Katanya kita sudah merdeka, akan tetapi bahan kebutuhan pokok semacam kedelai saja harus import. Belum lagi beberapa tahun silam yang mana “negara lumbung padi dunia” ini pernah meng-import beras. Ironis sekali, padahal negeri ini sangat kaya akan sumber daya alamnya. Apakah kelak kita juga akan meng-import oksigen dan air bersih, karena nampaknya kini banyak hutan-hutan yang digunduli oleh tangan-tangan jahil manusia hingga tidak bisa lagi menampung air bersih dan menghasilkan Oksigen bagi kelangsungan hidup kita. Tiga kata saja, Tragis dan Ironis!
Kita memang sudah merdeka, akan tetapi tidak secara psikologis. Anda para pembaca berhak tidak setuju, namun menurut aku sebagai warga Negara biasa – bangsa ini belumlah merdeka psikologis-nya – , mengapa?
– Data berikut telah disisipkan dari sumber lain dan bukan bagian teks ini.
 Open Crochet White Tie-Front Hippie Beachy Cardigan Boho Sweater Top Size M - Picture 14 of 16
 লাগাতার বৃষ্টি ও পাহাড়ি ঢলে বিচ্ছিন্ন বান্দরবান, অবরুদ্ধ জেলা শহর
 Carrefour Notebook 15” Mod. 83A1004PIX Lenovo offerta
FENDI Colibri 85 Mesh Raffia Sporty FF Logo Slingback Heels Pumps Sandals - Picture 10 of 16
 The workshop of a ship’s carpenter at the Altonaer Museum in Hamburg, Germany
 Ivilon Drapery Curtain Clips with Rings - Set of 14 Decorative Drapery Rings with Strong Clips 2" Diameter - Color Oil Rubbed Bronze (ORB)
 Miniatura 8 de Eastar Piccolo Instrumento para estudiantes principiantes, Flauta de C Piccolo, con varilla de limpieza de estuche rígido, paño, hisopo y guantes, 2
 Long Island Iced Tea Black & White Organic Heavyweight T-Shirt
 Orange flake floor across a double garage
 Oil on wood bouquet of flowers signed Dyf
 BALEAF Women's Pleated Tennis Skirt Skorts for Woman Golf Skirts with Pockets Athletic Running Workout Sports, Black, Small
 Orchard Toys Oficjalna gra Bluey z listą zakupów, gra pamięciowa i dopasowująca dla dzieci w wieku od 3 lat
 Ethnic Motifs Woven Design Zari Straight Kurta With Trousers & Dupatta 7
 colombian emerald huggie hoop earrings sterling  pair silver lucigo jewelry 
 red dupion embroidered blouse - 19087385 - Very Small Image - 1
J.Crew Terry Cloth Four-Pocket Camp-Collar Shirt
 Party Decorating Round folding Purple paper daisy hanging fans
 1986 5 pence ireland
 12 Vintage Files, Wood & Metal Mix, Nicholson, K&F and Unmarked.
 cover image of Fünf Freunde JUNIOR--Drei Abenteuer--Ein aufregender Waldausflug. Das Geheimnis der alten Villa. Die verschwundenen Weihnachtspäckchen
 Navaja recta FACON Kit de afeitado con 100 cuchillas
Setiap hari bangsa ini selalu dihantui peraaan cemas, takut, was-was, dan negative thinking lainnya, karena berbagai ancaman mulai dari terorisme, anarkisme, dan berbagai tindakan amoral lainnya. Inikah kemerdekaan sejati itu? Pada akhirnya semua ini menjadi pembelajaran yang amat berharga bagi kita semua sebagai bangsa Indonesia. Mari renungkan kembali makna sejati dari merdeka itu sendiri.
Merdeka bukanlah sekedar satuan waktu yang selalu kita peringati setiap tanggal 17 Agustus. Dan seperti biasa setelah itu kita anggap angin lalu, yang tersisa hanyalah debu-debu yang kebetulan tidak terhempas bersama angin lalu itu. Lalu, apakah artinya 65 tahun merdeka jika itu hanya satuan waktu, yang di dalamnya ada banyak peluang yang sering kita sia-siakan begitu saja. Apalah artinya 65 tahun bangsa ini merdeka, jika masyarakatnya masih suka tawuran hanya gara-gara hal yang sepele? Jika aku teruskan akan muncul banyak pertanyaan-pertanyaan lain yang tidak akan cukup ku tulis di sini.
Pertanyaan-pertanyaan tersebut tentu akan dijawab dengan berbeda-beda, kembali lagi kepada masing-masing pribadi kita. Merdeka memang merupakan hak asasi manusia, sehingga dalam memaknainya pun harus kita lihat dulu dari “personal” sebelum “nasional”. Makna merdeka mungkin akan berbeda antara elit politik dengan kita sebagai warga negara biasa. Bahkan jika suudzon bisa saja mereka mempolitisasi makna kemerdekaan itu sendiri. Makna dari merdeka sejatinya merupakan persoalan pribadi/personal sebelum menjadi persoalan bangsa. Sebuah ungkapan sebagai penutup tulisan ku ini semoga mampu sedikit membuka kesadaran kita bersama, bahwa sesungguhnya “merdeka adalah pertarungan jati diri personal sebelum menjadi perjuangan entitas sebuah bangsa”.
Tulisan dari ku ini boleh usai sampai di sini, namun perjuangan kita tiap-tiap pribadi bangsa Indonesia jangan pernah berakhir demi kemerdekaan Indonesia yang sejati. Karena kemerdekaan sejati hanya dapat tercapai manakala setiap pribadi bangsa ini telah benar-benar merasakan dan menyatakan kemerdekaan itu secara sadar dan ikhlas. Namun kita juga harus berusaha untuk mencapai semua itu, untuk mengisi kemerdekaan yang masih semu ini. Mari kita semua mengisi kemerdekaan yang maasih semu ini dengan karya, kerja, pengabdian, prestasi, kebajikan, dan tindakan produktiv lainnya demi kemajuan bangsa dan negara ini, demi bumi pertiwi, dan demi mencapai kemerdekaan Indonesia yang sejati. Bersama Kita Pasti Bisa!